THE TASK:
Would you write out the full listing exactly, without any pictures?

STORED DATA:
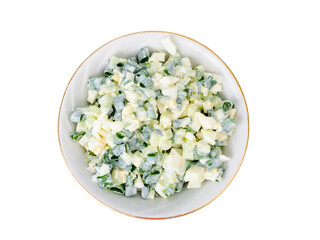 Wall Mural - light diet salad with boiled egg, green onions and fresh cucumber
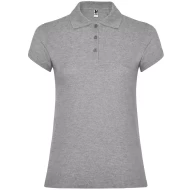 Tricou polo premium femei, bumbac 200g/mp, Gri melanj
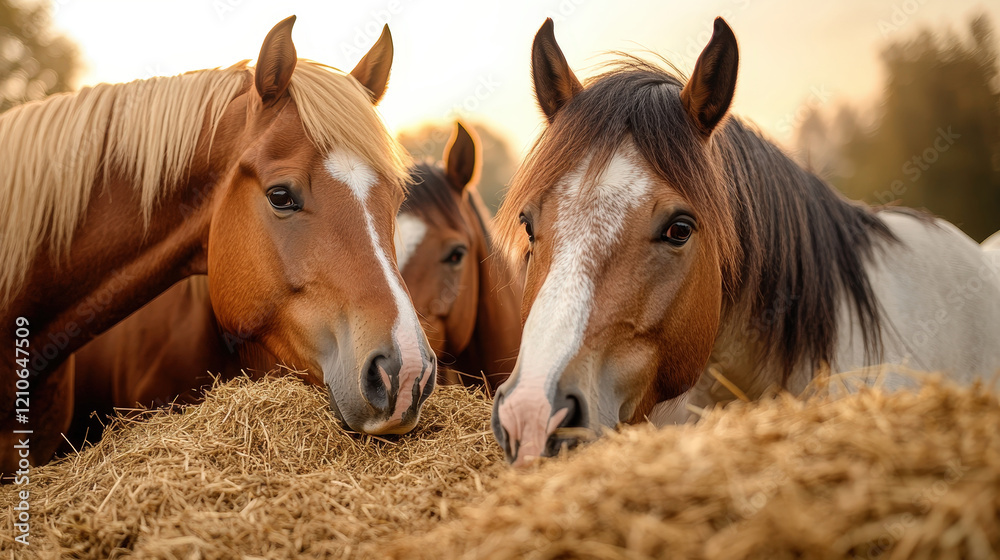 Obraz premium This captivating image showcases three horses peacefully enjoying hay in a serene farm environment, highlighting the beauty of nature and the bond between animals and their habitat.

EXERCISE ANSWER:
 Wall Mural - light diet salad with boiled egg, green onions and fresh cucumber
 Tricou polo premium femei, bumbac 200g/mp, Gri melanj
 Obraz premium This captivating image showcases three horses peacefully enjoying hay in a serene farm environment, highlighting the beauty of nature and the bond between animals and their habitat.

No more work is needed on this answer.